------ Listed entries ------

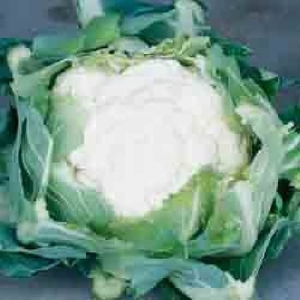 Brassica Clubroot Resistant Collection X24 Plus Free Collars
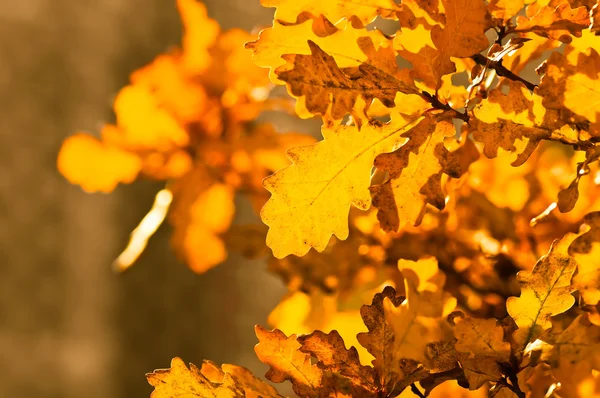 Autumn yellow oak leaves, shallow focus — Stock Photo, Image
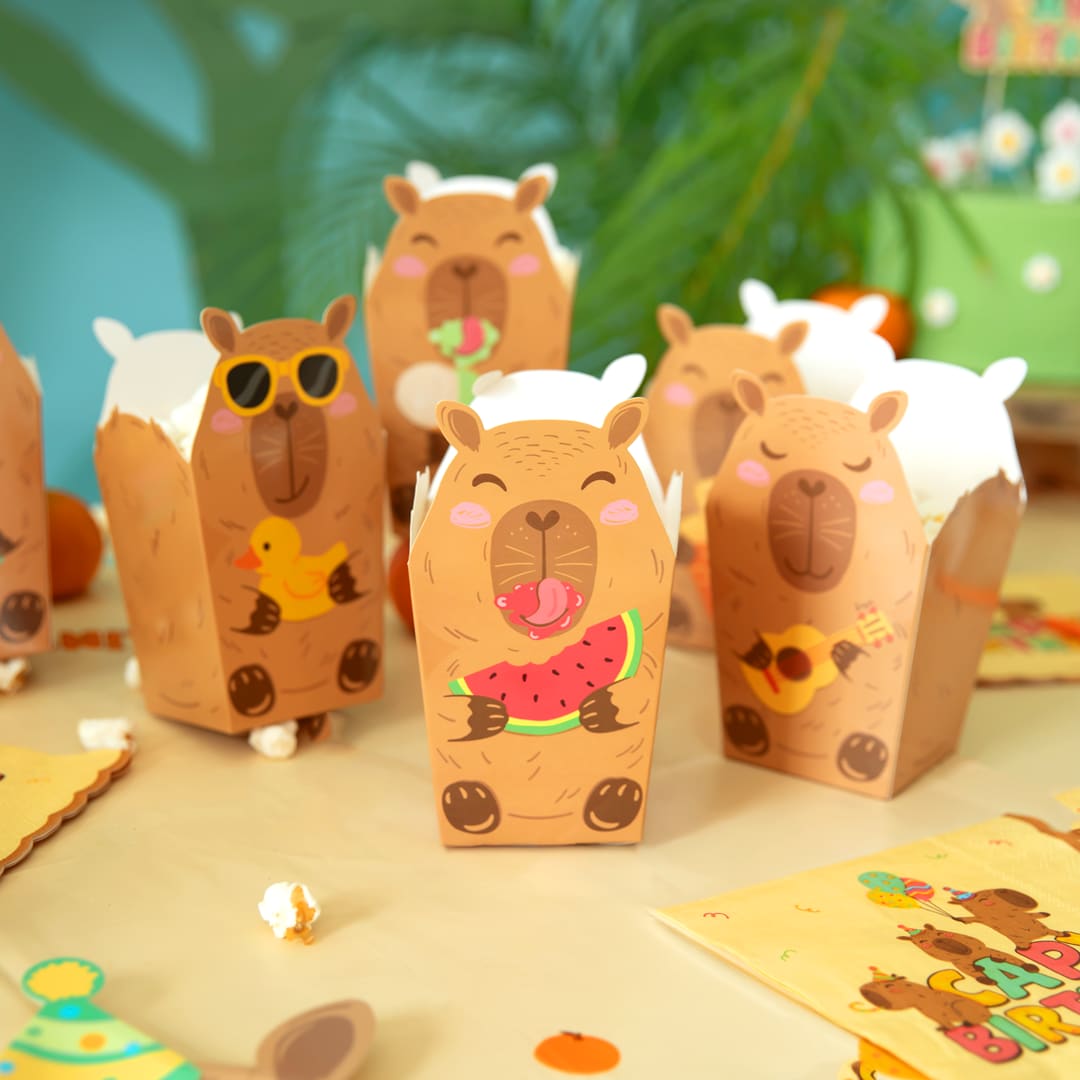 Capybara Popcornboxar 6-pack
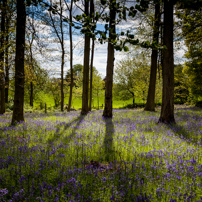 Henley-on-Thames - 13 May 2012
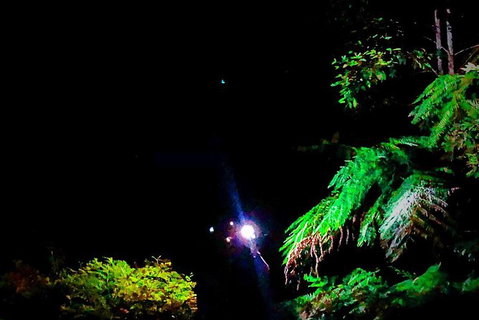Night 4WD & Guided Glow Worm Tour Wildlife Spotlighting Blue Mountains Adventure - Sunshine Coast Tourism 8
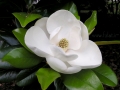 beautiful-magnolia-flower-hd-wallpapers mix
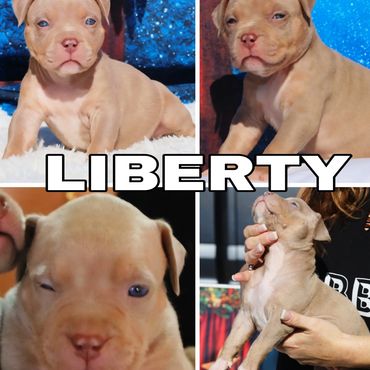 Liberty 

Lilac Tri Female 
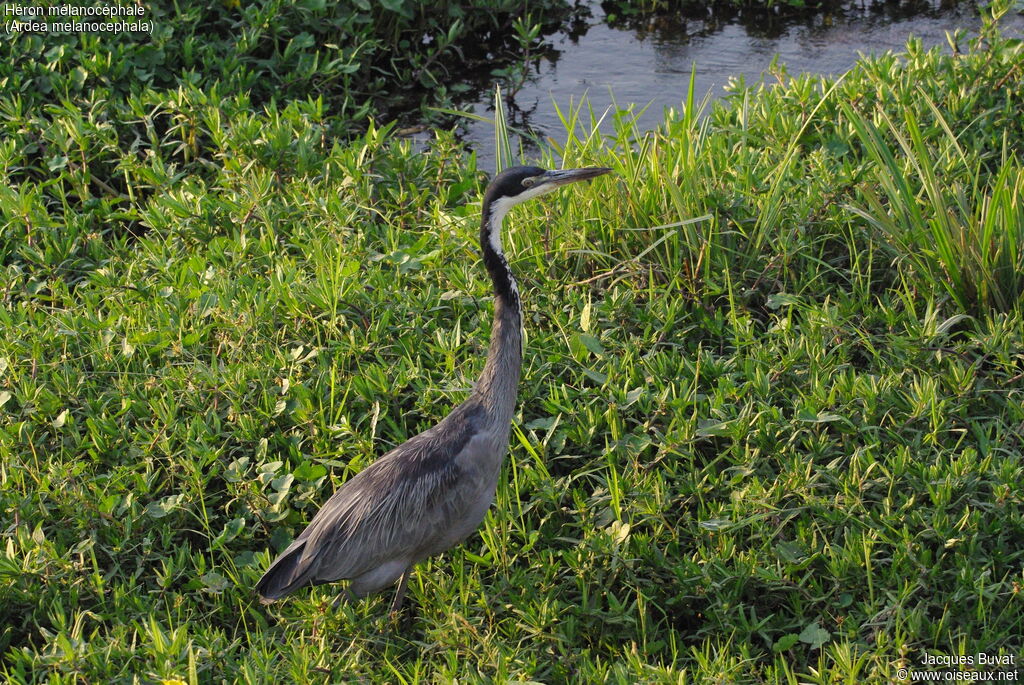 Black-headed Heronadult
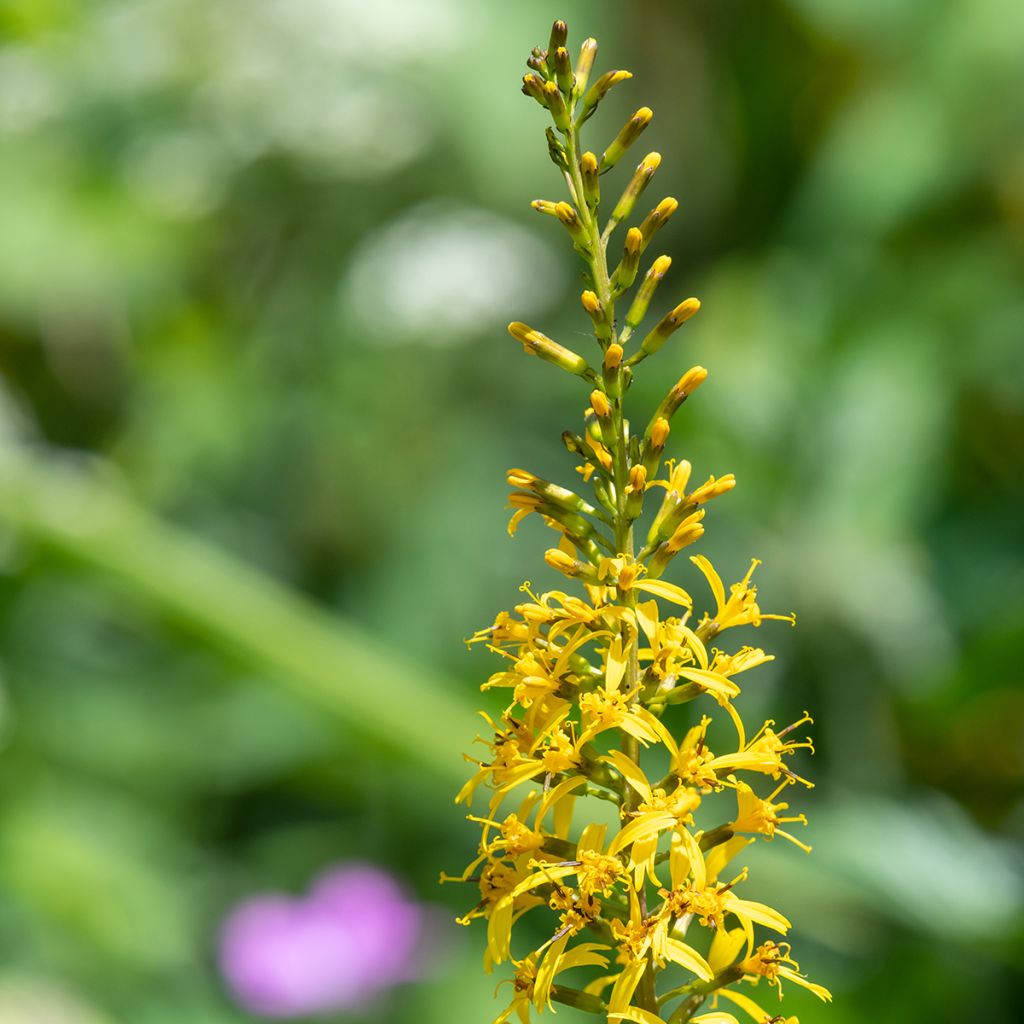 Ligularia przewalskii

------

Every entry above should be restated word for word, with the images left out.

 Brassica Clubroot Resistant Collection X24 Plus Free Collars
 Autumn yellow oak leaves, shallow focus — Stock Photo, Image
 Capybara Popcornboxar 6-pack
 Henley-on-Thames - 13 May 2012
Night 4WD & Guided Glow Worm Tour Wildlife Spotlighting Blue Mountains Adventure - Sunshine Coast Tourism 8
 beautiful-magnolia-flower-hd-wallpapers mix
 Liberty 

Lilac Tri Female 
 Black-headed Heronadult
 Ligularia przewalskii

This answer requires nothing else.